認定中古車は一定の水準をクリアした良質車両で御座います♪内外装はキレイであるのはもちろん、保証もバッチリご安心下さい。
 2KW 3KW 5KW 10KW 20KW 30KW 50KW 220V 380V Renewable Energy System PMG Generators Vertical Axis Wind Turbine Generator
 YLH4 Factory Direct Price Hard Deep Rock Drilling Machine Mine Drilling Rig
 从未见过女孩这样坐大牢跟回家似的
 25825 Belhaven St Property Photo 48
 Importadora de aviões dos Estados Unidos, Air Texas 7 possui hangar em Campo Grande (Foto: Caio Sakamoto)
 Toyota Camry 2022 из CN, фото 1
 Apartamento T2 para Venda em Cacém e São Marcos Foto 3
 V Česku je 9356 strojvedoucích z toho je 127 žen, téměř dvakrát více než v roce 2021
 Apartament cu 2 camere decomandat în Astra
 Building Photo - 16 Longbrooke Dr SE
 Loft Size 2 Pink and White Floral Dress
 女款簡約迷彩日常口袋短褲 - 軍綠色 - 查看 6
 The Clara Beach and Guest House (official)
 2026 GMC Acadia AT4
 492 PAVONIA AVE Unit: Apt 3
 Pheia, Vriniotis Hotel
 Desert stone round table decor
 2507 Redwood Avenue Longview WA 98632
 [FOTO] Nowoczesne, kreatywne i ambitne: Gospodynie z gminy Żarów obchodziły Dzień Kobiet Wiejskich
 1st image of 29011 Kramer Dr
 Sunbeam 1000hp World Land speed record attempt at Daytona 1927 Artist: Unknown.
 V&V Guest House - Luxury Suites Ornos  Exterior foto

## EXERCISE DIRECTIONS
Starting with the first line of the entries and ending with the line that has "25825 Belhaven St Property Photo 48", copy each line exactly and add nothing.

## THE COMPLETED TASK
認定中古車は一定の水準をクリアした良質車両で御座います♪内外装はキレイであるのはもちろん、保証もバッチリご安心下さい。
 2KW 3KW 5KW 10KW 20KW 30KW 50KW 220V 380V Renewable Energy System PMG Generators Vertical Axis Wind Turbine Generator
 YLH4 Factory Direct Price Hard Deep Rock Drilling Machine Mine Drilling Rig
 从未见过女孩这样坐大牢跟回家似的
 25825 Belhaven St Property Photo 48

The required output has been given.